Sin embargo, Herzog hace algo raro, un poco disonante con su
personalidad. Conversa con productores de Hollywood, toma milkshakes y come
hamburguesas en restaurantes ultra chetos de Los Ángeles. Como si esto fuera
poco, se reúne con los directivos de la 20th Century Fox, a quienes intenta convencer
de una verdadera alucinación fílmica. “Dije que la obviedad que no se discute
es que tiene que tratarse de un verdadero barco de vapor sobre una montaña de
verdad, pero no por una cuestión de realismo sino para estilizar un gran evento
operístico. A partir de ahí, las amabilidades que intercambiamos se cubrieron
de una ligera capa de escarcha glacial”, escribe Herzog en las primeras páginas
de su lúgubre y fantasmático Conquista de lo inútil, su suerte de diario
emocional y onírico sobre la filmación de Fitzcarraldo. ¿No es un delirio,
acaso, viajar a lo profundo de la jungla peruana con Klaus Kinski, comer monos
asados entre mariposas gigantes, perros sarnosos e indios sonámbulos, mientras
Mick Jagger, quien todavía no ha abandonado el rodaje, conduce un auto por las
callecitas de Lima, con el equipo de filmación que acaba de llegar, con días y
días de retraso, desde Brasil? ¿Hay alguna manera de hacer las cosas más
difíciles?
Al conocer estos episodios uno comienza a sospechar que lo
que predomina en Herzog es una peculiar teoría del colapso. Se trata de una
matriz interior que lo impulsa hacia lugares insospechados, donde las
condiciones de producción de su propio arte aparecen estrechamente ligadas a la
obra en sí. Esto es fascinante a secas. En un país como el nuestro, donde tanto
el cine, como el teatro, la música y la literatura, se llevan adelante con
escasos recursos, la discusión sobre las condiciones materiales de producción
son una constante. Se produce, en general, mientras se trabaja de otra cosa.
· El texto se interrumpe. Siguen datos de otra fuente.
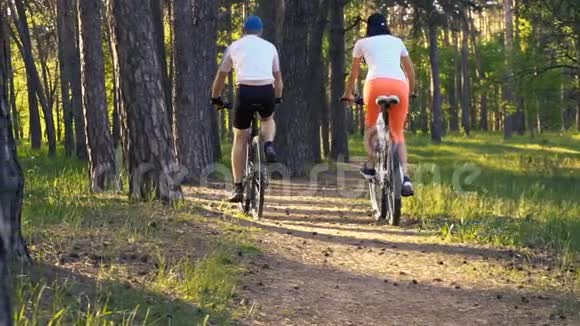 男人和女人骑自行车骑着森林小径视频的预览图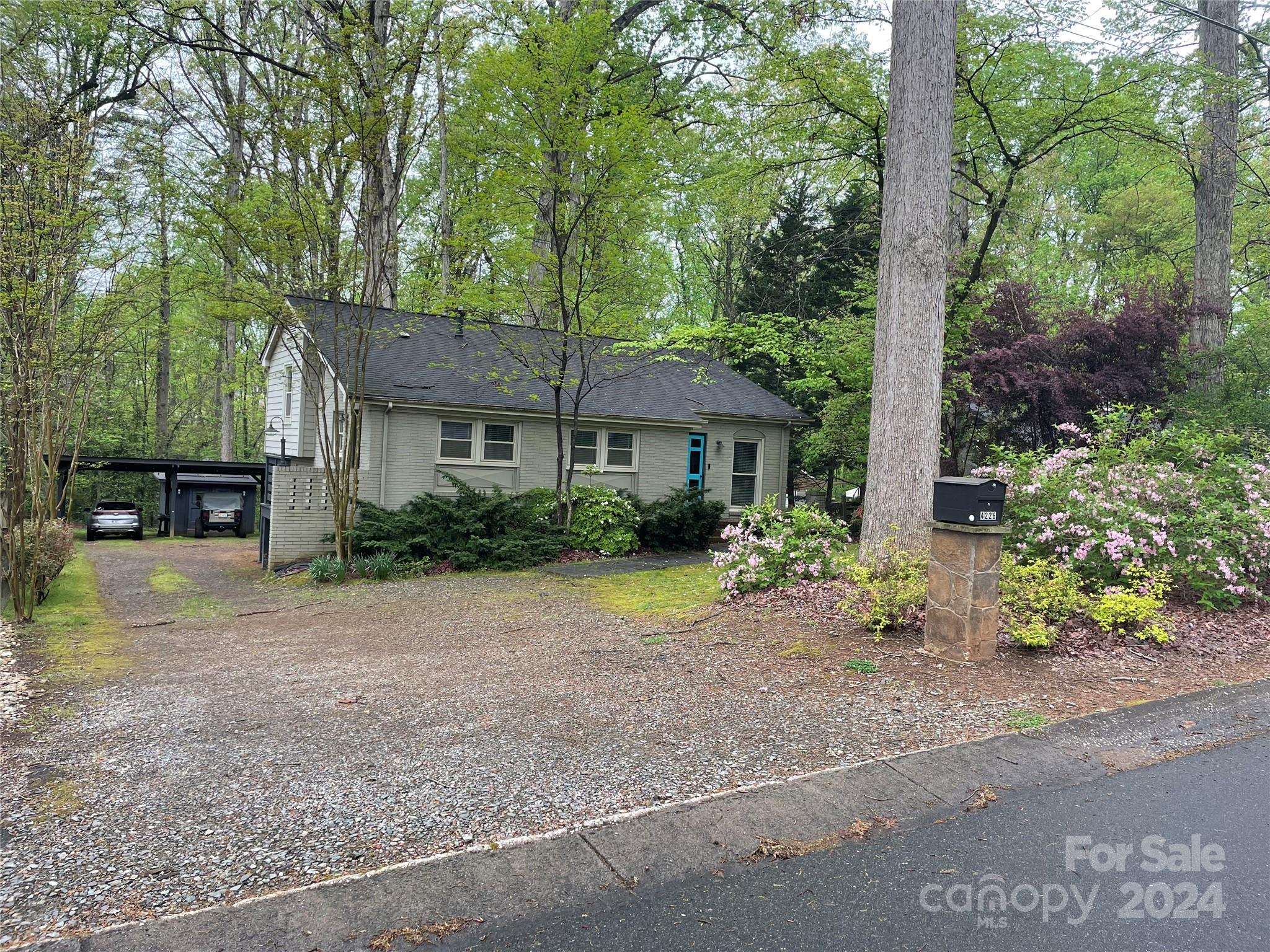 4226 Wright Avenue Charlotte, NC 28211 - Photo 1 of 1 a front view of a house with garden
Hace unas semanas nos reunimos con unos amigos a cenar.
Mientras preparábamos unas pizzas caseras y tomábamos cerveza, comenzamos a
enumerar algunos pocos artistas que una y otra vez, con años de diferencia, nos
toman por asalto la sensibilidad. Claro: hacia pocos días nos habíamos enterado
de la muerte de Prince. En algún momento llegamos a la pregunta: ¿por qué nos
vuelve locos, a la gran mayoría, el cine de Herzog?
Para empezar, coincidimos en que Herzog es todo un outsider
y la prueba absoluta de que se puede crear sin recursos, viniendo de la
pobreza, obligado a comerse las suelas de sus propios zapatos, vender su reloj
por un desayuno o contrabandear televisores en la frontera mexicana. Hagamos un
breve racconto: Werner Herzog nació en Munich en 1942, es decir, en el ojo de
la tormenta de la Segunda Guerra Mundial, pero se crió en la región montañosa
de Baviera, sin electricidad ni agua potable, sin radio ni televisión. Herzog
realizó su primera llamada telefónica a los 17 años. Hasta los 11, no sabía ni
siquiera que el cine existía. Su formación fue enteramente autodidacta y se
apoyó, como repite una y otra vez en cada entrevista que le hacen, en la
literatura. Aún hoy, Herzog afirma no
ver más de 4 o 5 películas por año. Hay que leer, leer, leer, dice. No se puede
hacer cine sin leer. Y sin viajar, preferentemente a pie. Lo de Herzog es el
anti turismo, el modelo de viaje que se formateó a mediados del siglo XX para que
la clase media recorra el mundo, compre paisajes y estadías en hoteles all
inclusive o hostels de habitaciones compartidas. “El mundo se revela como es
para el que viaja a pie”, repite.
En Del caminar sobre el hielo – menos espectral que
Conquista de lo inútil –Herzog plasma esta teoría. Cuando descubre que la vida
de Lotte Eisner, pionera del nuevo cine alemán, corre serio peligro, decide
caminar de Munich a París como una manera de exorcizar a la muerte. Como suele
suceder en el universo Herzog, por motivos casi místicos, todo sale bien.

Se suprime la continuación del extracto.